Published Tuesday Sep 17, 2013

Author ERIKA COHEN

This is the first in a two-part story. The second part will examine specific programs and development efforts aimed at helping the North Country economy.

Traveling on Route 3 through Groveton it’s impossible to miss the faded sign over the closed offices at Groveton Paper Board: “We’re Here to Stay.” While ironic, the sign can also be viewed as a declaration of hope. In recent years, there are hundreds of new North Country jobs due to the reopening of the Gorham mill, a repurposing of the Berlin pulp mill into a biomass plant, the construction of a new federal prison, the growth of many smaller companies, and expanding broadband access.

And it’s that hope community leaders latch onto. When asked over lunch whether significant employment and economic growth are in the region’s future, Jim Tibbetts, former CEO of First Colebrook Bank and a longtime resident of Columbia (just south of Colebrook), pauses and says, “I’d say a soft yes.”

His wary optimism is well grounded. Once defined primarily by paper, the North Country’s economy is diversifying thanks to regional efforts to build infrastructure and brand the region for tourism. Leaders have also been touting successful local businesses, as well as those relocating from Canada and places south. But it will take time for those gains to overcome the 4,000-plus jobs lost when the mills closed—jobs that often paid twice the average county wage.

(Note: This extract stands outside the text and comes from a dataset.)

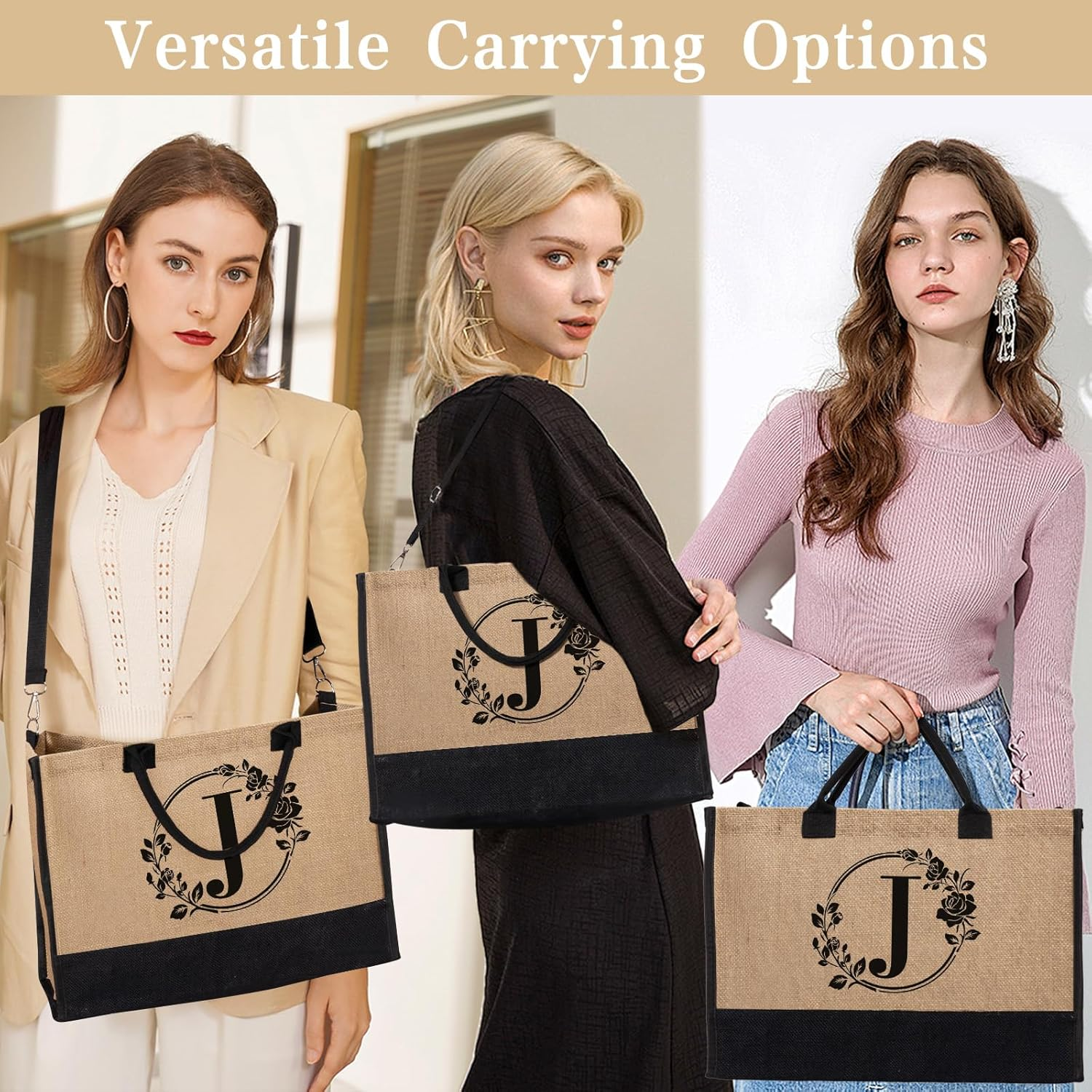 Personalized Gifts for Women, Initial Jute Tote Bag Monogrammed Beach Bag, Mothers Day & Birthday Gifts for Mom Women Friend image number 2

Unemployment was at 7.7 percent in Coos County in 2011 and 2012 compared to 5.5 percent for the state. And the North Country Economic Index—a Plymouth State University measure of household employment, wages and other indicators—fell for the eighth quarter in a row in March. However, that decline was the lowest in a year, and wages and salaries rose slightly from the previous quarter.

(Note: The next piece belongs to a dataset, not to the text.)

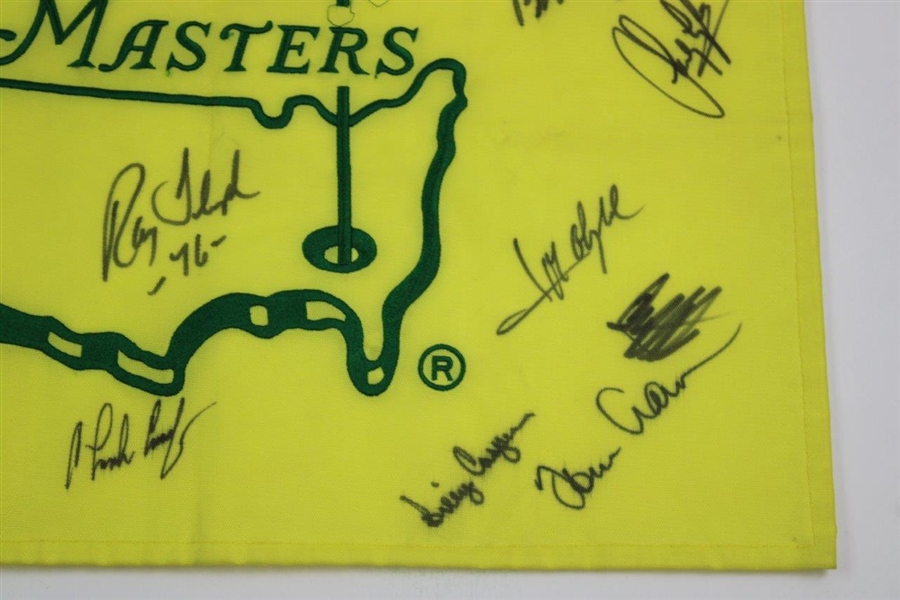 Fifteen (15) Masters Champions Signed Undated Masters Flag JSA ALOA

Infrastructure improvements could help. The Northern Community Investment Corporation (NCIC), an economic development group that invests $2 million to $3 million a year in the North Country, received a grant a few years ago to research industries that could succeed there. Among the North Country’s advantages is low cost fuel provided by the natural gas pipeline running through the region (though there is a seven-figure connection cost). NCIC has brought some companies to visit, and Jon Freeman, president of NCIC, says the area will be more attractive once broadband access along the pipeline is complete.

However, such efforts are little comfort for those who lost high-paying manufacturing positions and are struggling to get by on lower wage jobs, Freeman says. “These people are in pain and we’re not solving it right away,” he says. “You have to work on the long term because otherwise you don’t have one. You also have to work in the short term, but [even] those goals seem so far away sometimes because the need is so strong.”

It’s Personal

What will it take to breathe new life into the North Country? The Carsey Institute at the University of NH identified four tenets of rural economic development: innovation, capital investment, protection of natural assets and dense networks of personal contacts. That last one plays a strong role in the North Country. Nearly 70 percent of Coos County residents are natives, the highest of any county. Many have ties to the paper or lumber industry, or work in family businesses, and those connections increase their commitment to the area, even when huge economic gains are unlikely.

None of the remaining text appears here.